YOUR GOAL: Further down are entries; set down exactly and only the lines from the one with "Turkish Coffee Cups" up to and including the one with "Top with lace insert", dropping each picture.

DATA:

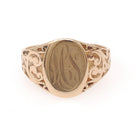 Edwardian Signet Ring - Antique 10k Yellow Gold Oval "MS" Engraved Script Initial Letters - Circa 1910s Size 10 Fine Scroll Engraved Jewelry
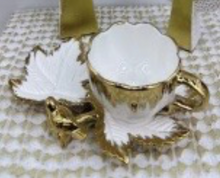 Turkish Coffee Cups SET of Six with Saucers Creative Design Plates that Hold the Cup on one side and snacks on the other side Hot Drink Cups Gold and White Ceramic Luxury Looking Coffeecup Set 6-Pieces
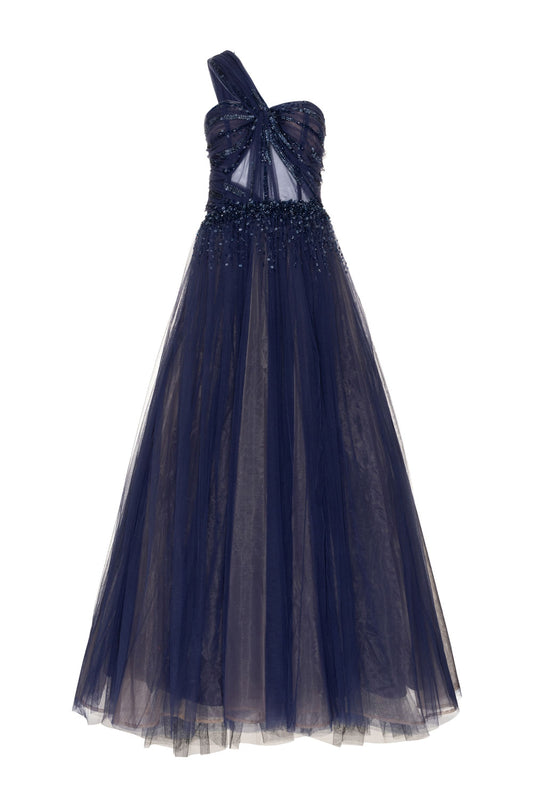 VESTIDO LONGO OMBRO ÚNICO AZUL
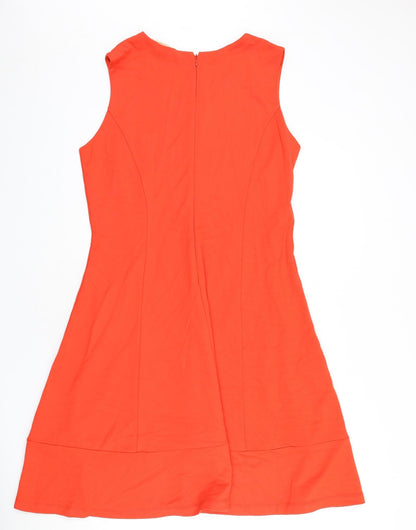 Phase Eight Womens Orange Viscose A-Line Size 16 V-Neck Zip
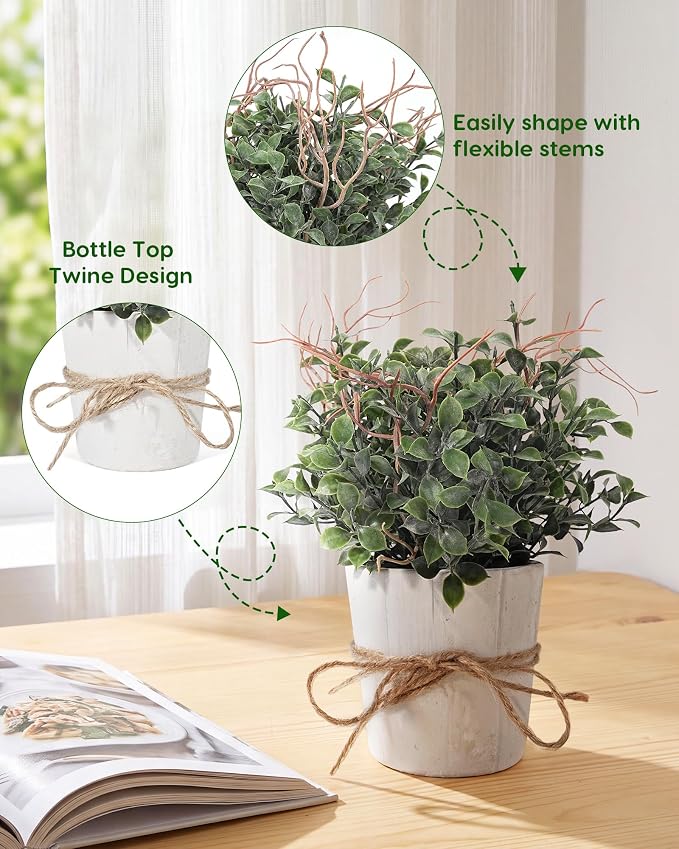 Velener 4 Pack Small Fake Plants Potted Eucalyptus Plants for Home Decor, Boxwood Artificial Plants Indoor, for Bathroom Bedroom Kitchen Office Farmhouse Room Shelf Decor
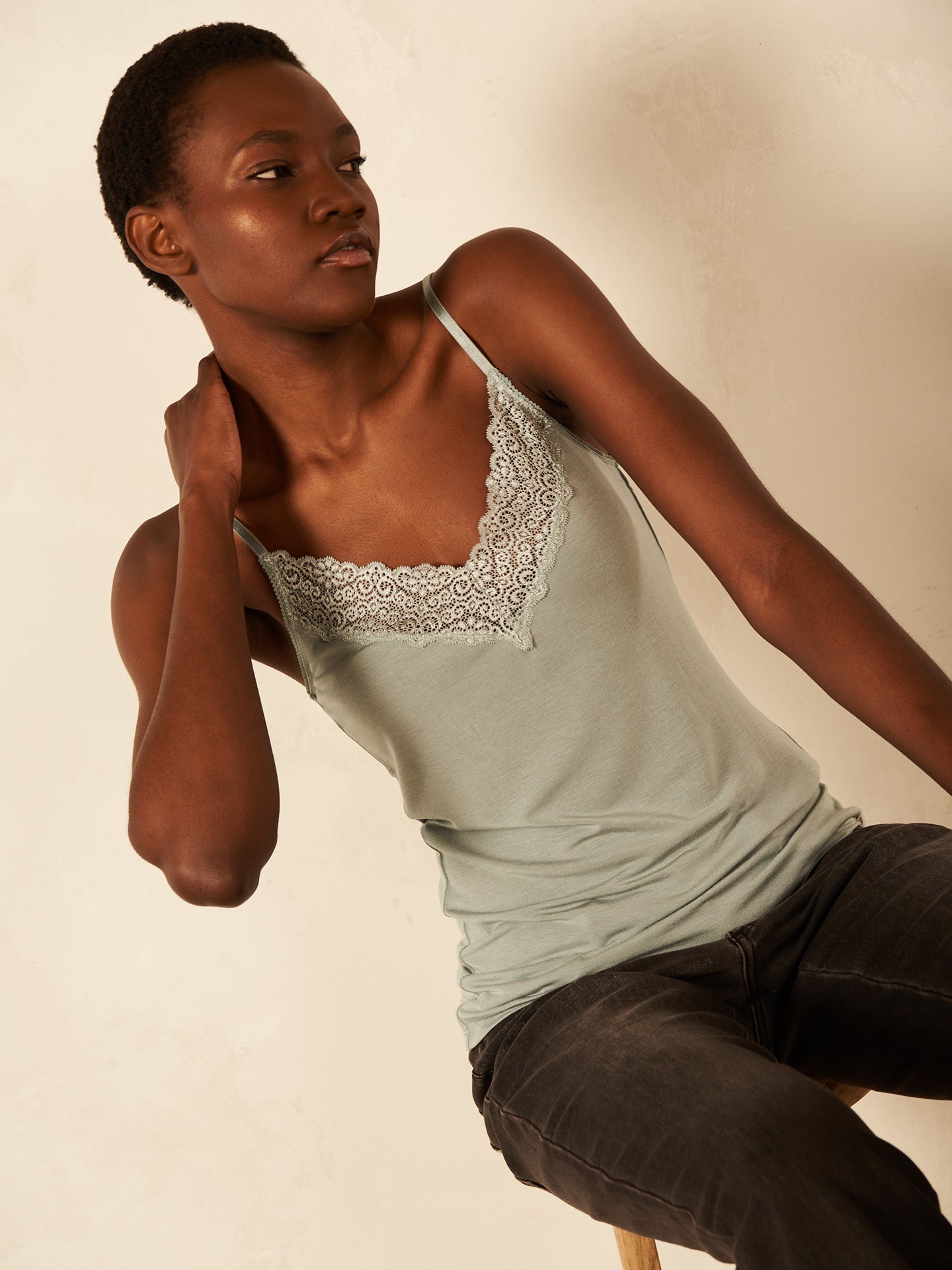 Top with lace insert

--

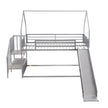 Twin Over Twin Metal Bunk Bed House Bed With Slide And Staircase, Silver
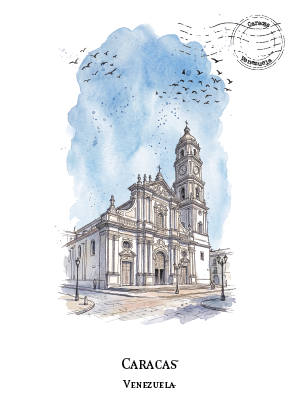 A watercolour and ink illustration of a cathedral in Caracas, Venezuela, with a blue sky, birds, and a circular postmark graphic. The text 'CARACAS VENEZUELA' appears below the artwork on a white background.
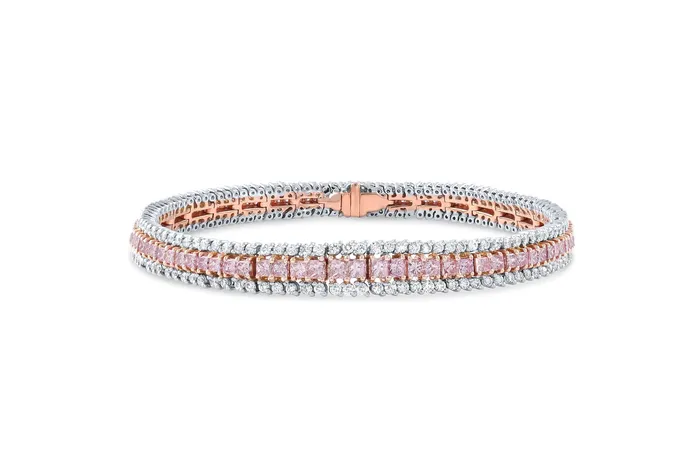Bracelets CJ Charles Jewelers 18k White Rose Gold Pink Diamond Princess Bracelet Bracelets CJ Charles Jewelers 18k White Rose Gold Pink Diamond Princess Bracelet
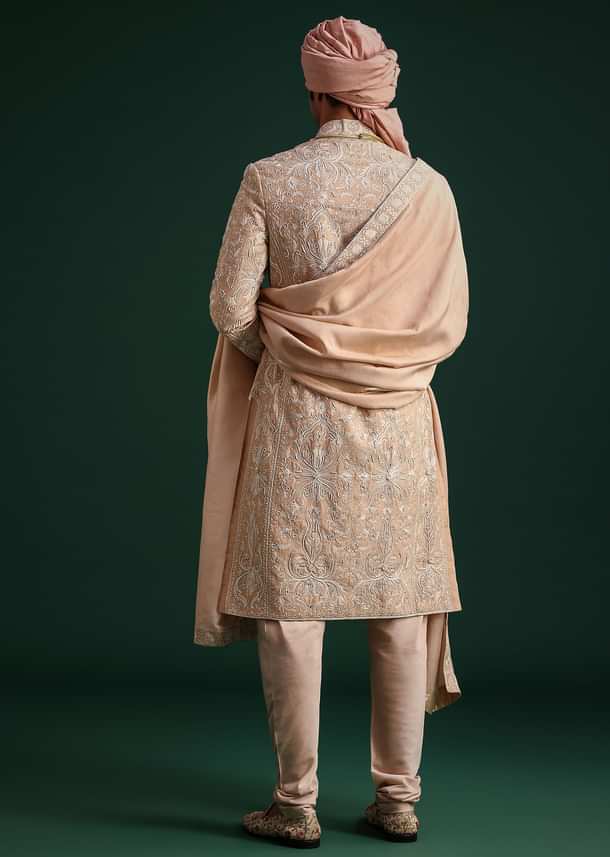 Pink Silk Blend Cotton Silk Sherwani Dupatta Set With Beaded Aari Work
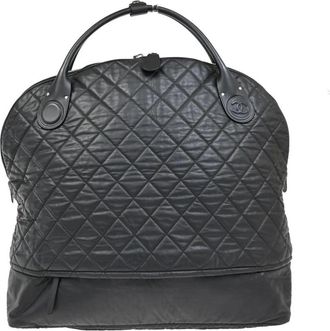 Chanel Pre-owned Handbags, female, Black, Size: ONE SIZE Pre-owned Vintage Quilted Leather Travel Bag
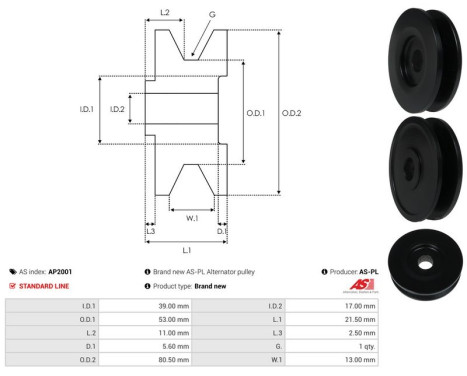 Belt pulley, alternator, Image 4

EXPECTED ANSWER:
 Turkish Coffee Cups SET of Six with Saucers Creative Design Plates that Hold the Cup on one side and snacks on the other side Hot Drink Cups Gold and White Ceramic Luxury Looking Coffeecup Set 6-Pieces
 VESTIDO LONGO OMBRO ÚNICO AZUL
 Phase Eight Womens Orange Viscose A-Line Size 16 V-Neck Zip
 Velener 4 Pack Small Fake Plants Potted Eucalyptus Plants for Home Decor, Boxwood Artificial Plants Indoor, for Bathroom Bedroom Kitchen Office Farmhouse Room Shelf Decor
 Top with lace insert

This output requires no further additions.